As someone who possesses a BFA with four years of color theory, I am quite familiar with the psychological effects of the color orange. You bet I do. For starters, it is proven to be a stimulus of the sexual organs! Damn right it’s a Fiesta! It can also be beneficial to the digestive system and strengthening the immune system. Additionally, orange has only positive affects on your emotional state, and relieves feelings of self-pity, lack of self-worth, and unwillingness to forgive. Orange opens your emotions and is a terrific antidepressant.
Hooray for Confident & Happy Easily Digested Lean Orgasm Chicken! Hats off, well done design department, you guys really have your shit together over there. Kudos.
I also appreciate your stylistic typographic approach, in which all text is lowercase. THIS CAN BE THOUGHT OF AS THE OPPOSITE OF SHOUTING IN ALL CAPS. In this case, it is used to give a melancholic, casual, hip kind of feel; i.e. McDonalds – i’m lovin’ it.
I understand, and even appreciate your cunning and calculated advertising and marketing techniques, and the lengths at which you’ll go to woo us.
Now mind you, all of this takes place in a split second. To the untrained and unsuspecting eye, all of this manifests behind the curtain of your consciousness. It’s like magic, it happens every day, all around you. One of my favorite examples is this:
You’ve seen that logo hundreds of times, right? I wonder how many of you ever recognized the arrow in the negative space between E and x? Magic.
Now, switching from a graphically educated consumer, to a mother of young kids, I, like every other mother on the planet, do not have a large allotment of time in which to eat lunch. The fattening and rather disgusting combinations that I may or may not get to shove down my feeding hole while tying shoes and searching for my keys on the way out the door usually falls about 50 miles south of The Food Pyramid.
2 PBJ crusts or perhaps a chicken nugget, half of a cheese stick, a few grapes, and the last hit off of a juice box. 4 minutes and 600 calories of dissatisfaction, that’s what we get for lunch.
I felt a vague stirring in my loins as I slowly fondled the cold box from your “culinary collection.” The white meat chicken in a mexican-style cream sauce with seasoned rice blend entrée revealed on her underbelly, that she contained a mere 260 calories, ready in 4 minutes no less. Into my cart she went.
The next day, I punctured the plastic on top as instructed, and slipped it into the microwave while making lunch for the kids. Ding! 4 minutes later I was peeling back the plastic to give it a stir.

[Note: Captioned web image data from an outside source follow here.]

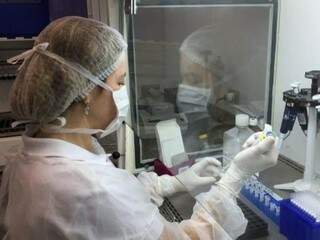 Funcionária manipula material no Lacen, que passará a fazer testes do coronavírus. (Foto: Divulgação)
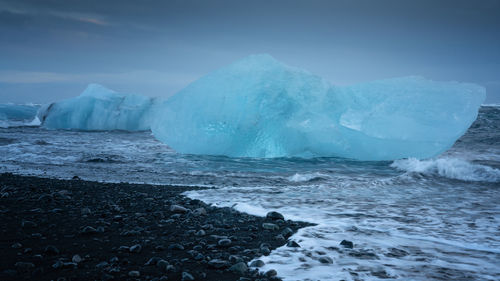 Scenic view of icebergs in sea against sky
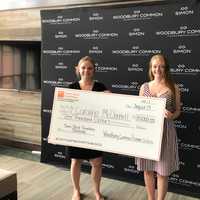 Simon Scholarship Winner Receives Check From Woodbury Common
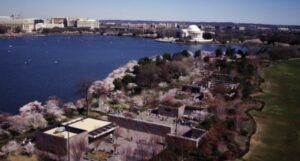 Aerial view of Washington, D.C., showing the FDR Memorial in the foreground at Cherry Blossom Festival time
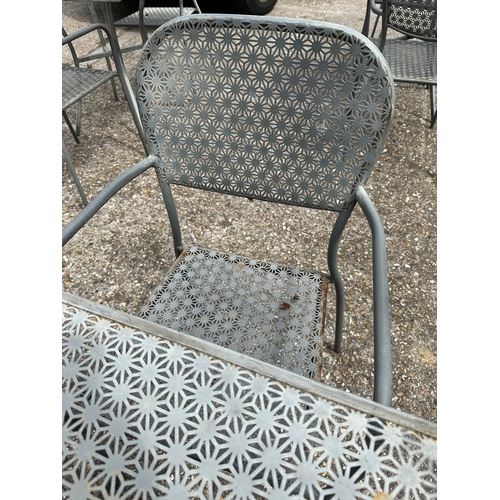 240 - A metal starburst garden table and two chairs (H73cm SQ70cm)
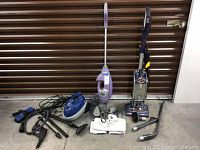 Three cleaning appliances including a purple stick vacuum, a blue canister steamer with accessories, and a Shark Duo Clean upright vacuum with attachments laid out on floor.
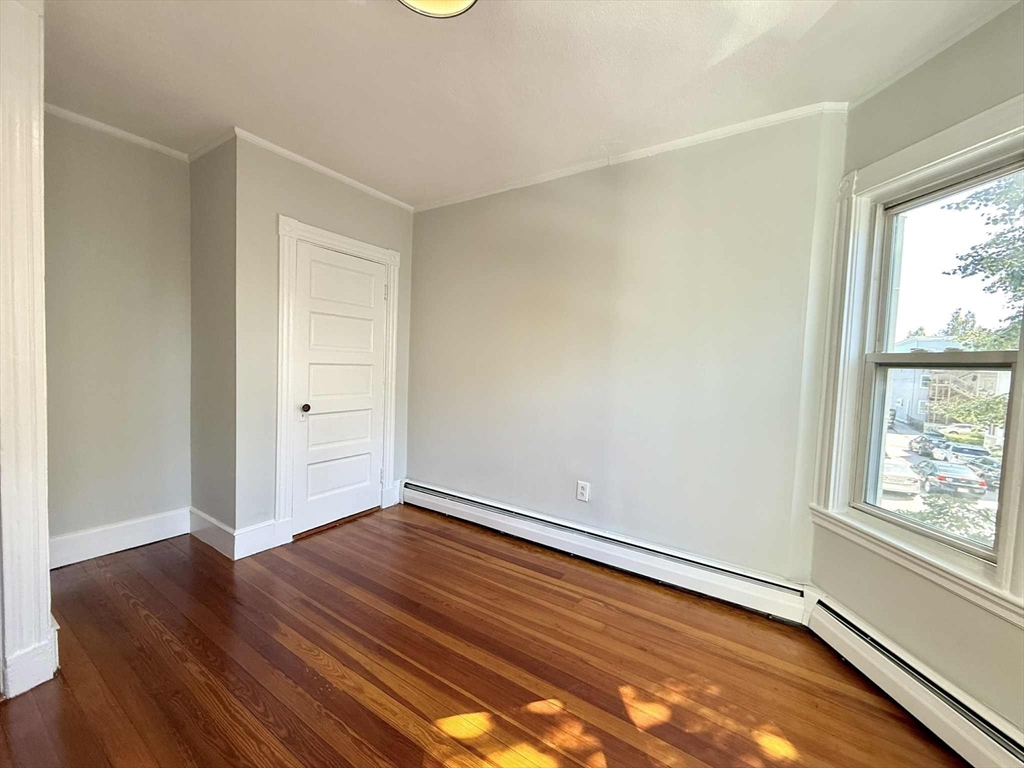 19 Howell Street, Unit 2 Boston, MA 02125 - Photo 8 of 16 an empty room with wooden floor and windows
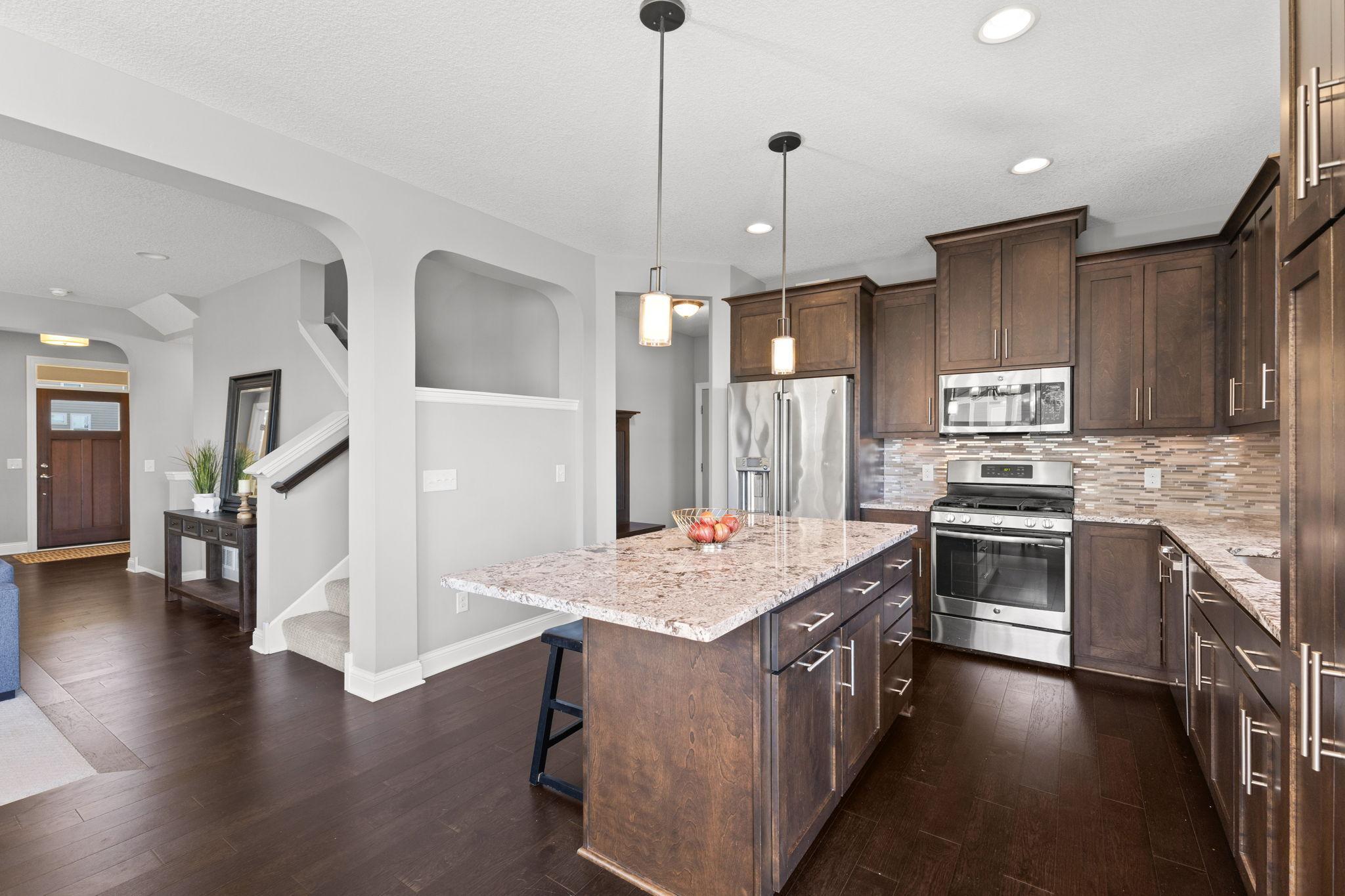 Kitchen leads to Mud Room and Powder Bath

I was feeling very civilized, so I decided I would put it into an actual bowl.
That was my first mistake. I should have never taken it out of its natural habitat. The portion was equivalent to a can of Fancy Feast.
Next, for an entrée that advertises Grilled Chicken, there were only 2 small pieces of chicken. That’s it. Two. I stared down into the bowl that looked more like somebody’s leftovers. In a fit of frustration, I quickly grated half a block of cheddar, threw it on top, and popped it back in the microwave for a minute. I then topped it with a heaping spoonful of sour cream, you know, since it was mexican. I sat at the table to eat with the kids, and 6 spoonfuls later, I was finished.
My 260 calorie “entree” had turned into an 800 calorie fiasco. That’s what you should be more accurately named, Fiasco Rice with Chicken Afterthought. And you should use Gray to symbolize the detachment, isolation and sorrow one feels upon witnessing it’s actual size. It was like taking a really hot guy to bed, and discovering he has micropenis.
So, in spite of your provocative orange packaging and your casually hip lowercase letters, the old adage holds true; you can’t judge a book by it’s cover, or in this case, an “entrée.”